— Work to complete —
Would you return the data exactly as given, except for its pictures?

— Data extract —

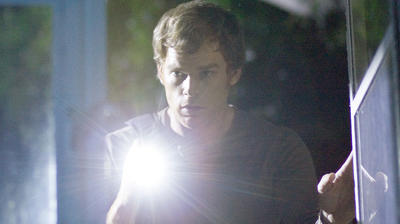"Dexter" 1 season 9-th episode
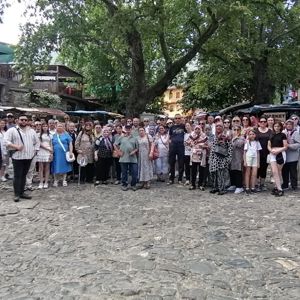 Şehit Ailelerimiz İle Bursa Gezisi Gerçekleştirildi. - fotoğraf 1
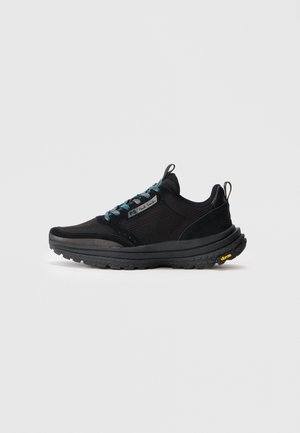 DARTER - Sneakers - black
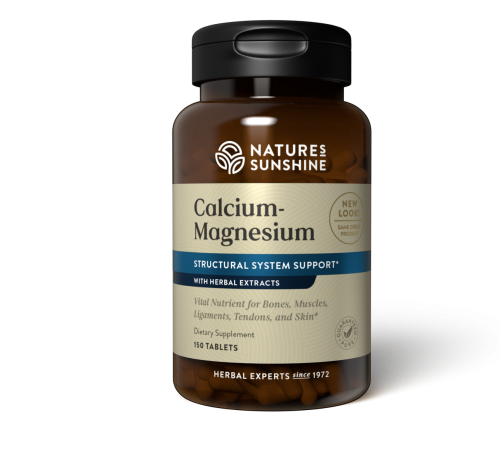 Calcium Magnesium 150 Tabs (BB 12/23)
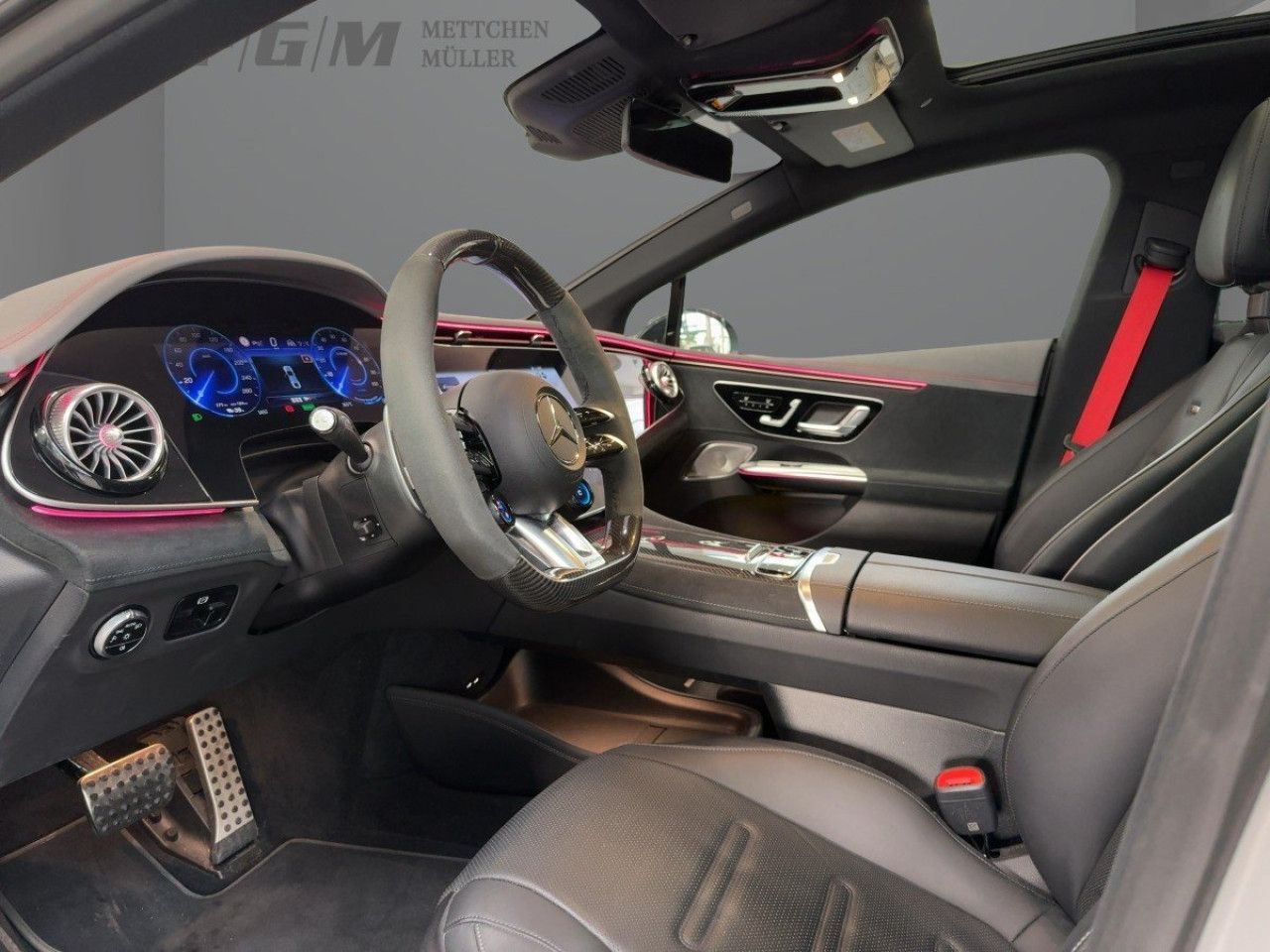 Mercedes-Benz EQE – Bild 7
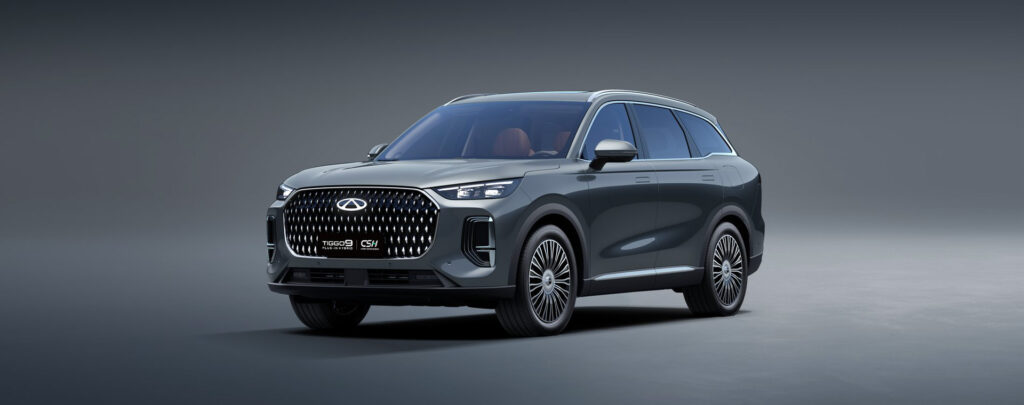 Chery TIGGO 9 PHEV Chery Nawrot chery-tiggo-9-phev-chery-nawrot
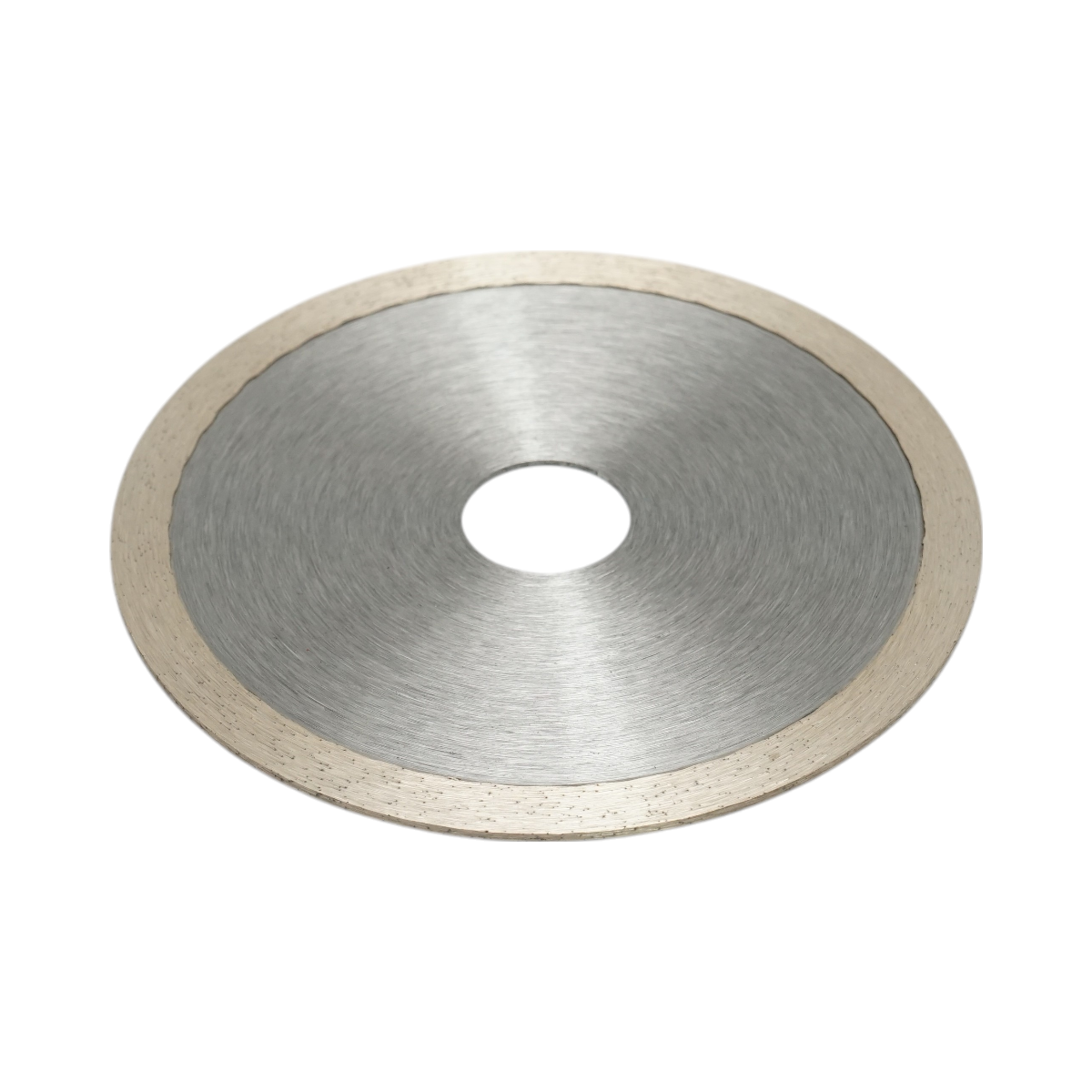 Disco diamantato continuo 115x22,23mm, segmento 8mm per piastrelle, piastrelle per pavimenti Breckner Germany - immagine 4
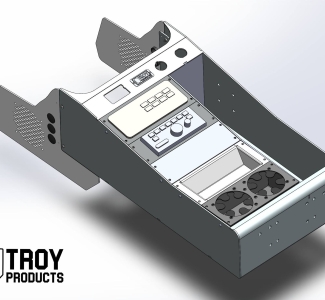 Troy Products Center Console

— Completed exercise —
"Dexter" 1 season 9-th episode
 Şehit Ailelerimiz İle Bursa Gezisi Gerçekleştirildi. - fotoğraf 1
 DARTER - Sneakers - black
 Calcium Magnesium 150 Tabs (BB 12/23)
 Mercedes-Benz EQE – Bild 7
 Chery TIGGO 9 PHEV Chery Nawrot chery-tiggo-9-phev-chery-nawrot
 Disco diamantato continuo 115x22,23mm, segmento 8mm per piastrelle, piastrelle per pavimenti Breckner Germany - immagine 4
 Troy Products Center Console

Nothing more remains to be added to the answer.